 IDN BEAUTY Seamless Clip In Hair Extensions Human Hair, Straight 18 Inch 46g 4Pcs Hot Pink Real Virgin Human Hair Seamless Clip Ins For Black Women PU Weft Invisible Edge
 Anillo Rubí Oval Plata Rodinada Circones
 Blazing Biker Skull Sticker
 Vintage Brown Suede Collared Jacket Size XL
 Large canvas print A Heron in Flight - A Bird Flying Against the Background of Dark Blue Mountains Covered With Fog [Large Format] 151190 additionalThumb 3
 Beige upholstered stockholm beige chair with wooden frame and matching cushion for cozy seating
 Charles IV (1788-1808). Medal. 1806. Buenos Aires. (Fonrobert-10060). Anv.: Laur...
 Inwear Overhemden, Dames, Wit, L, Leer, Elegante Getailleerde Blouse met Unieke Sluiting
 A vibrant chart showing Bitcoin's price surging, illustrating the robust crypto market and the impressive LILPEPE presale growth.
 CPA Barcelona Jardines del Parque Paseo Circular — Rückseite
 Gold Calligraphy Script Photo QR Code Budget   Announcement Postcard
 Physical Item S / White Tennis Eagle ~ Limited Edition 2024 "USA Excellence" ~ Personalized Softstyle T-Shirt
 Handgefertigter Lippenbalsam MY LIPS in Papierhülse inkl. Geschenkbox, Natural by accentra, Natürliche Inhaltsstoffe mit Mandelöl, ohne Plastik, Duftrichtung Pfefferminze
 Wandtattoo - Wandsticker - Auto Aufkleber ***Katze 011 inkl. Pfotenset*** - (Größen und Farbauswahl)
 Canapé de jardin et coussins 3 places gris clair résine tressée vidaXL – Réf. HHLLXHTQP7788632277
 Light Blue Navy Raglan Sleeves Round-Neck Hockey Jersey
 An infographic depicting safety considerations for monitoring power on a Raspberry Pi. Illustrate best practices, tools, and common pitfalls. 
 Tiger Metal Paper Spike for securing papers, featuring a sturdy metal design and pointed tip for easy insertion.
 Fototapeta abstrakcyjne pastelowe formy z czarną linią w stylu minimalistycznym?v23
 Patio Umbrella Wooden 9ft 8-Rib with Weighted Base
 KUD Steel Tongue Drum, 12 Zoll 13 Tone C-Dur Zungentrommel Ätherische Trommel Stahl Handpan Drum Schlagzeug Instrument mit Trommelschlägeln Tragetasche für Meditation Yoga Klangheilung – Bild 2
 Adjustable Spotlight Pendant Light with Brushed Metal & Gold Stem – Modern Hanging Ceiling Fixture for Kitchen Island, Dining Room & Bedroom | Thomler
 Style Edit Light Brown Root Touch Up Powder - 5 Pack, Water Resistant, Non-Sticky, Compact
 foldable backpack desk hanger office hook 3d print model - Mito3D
▬▬▬▬▬▬▬▬▬▬
> **What to work on**: Every line from the top of the material through the line containing "Charles IV (1788-1808)." must be transcribed exactly, and no other line may appear.

> **Completed task**:
 IDN BEAUTY Seamless Clip In Hair Extensions Human Hair, Straight 18 Inch 46g 4Pcs Hot Pink Real Virgin Human Hair Seamless Clip Ins For Black Women PU Weft Invisible Edge
 Anillo Rubí Oval Plata Rodinada Circones
 Blazing Biker Skull Sticker
 Vintage Brown Suede Collared Jacket Size XL
 Large canvas print A Heron in Flight - A Bird Flying Against the Background of Dark Blue Mountains Covered With Fog [Large Format] 151190 additionalThumb 3
 Beige upholstered stockholm beige chair with wooden frame and matching cushion for cozy seating
 Charles IV (1788-1808). Medal. 1806. Buenos Aires. (Fonrobert-10060). Anv.: Laur...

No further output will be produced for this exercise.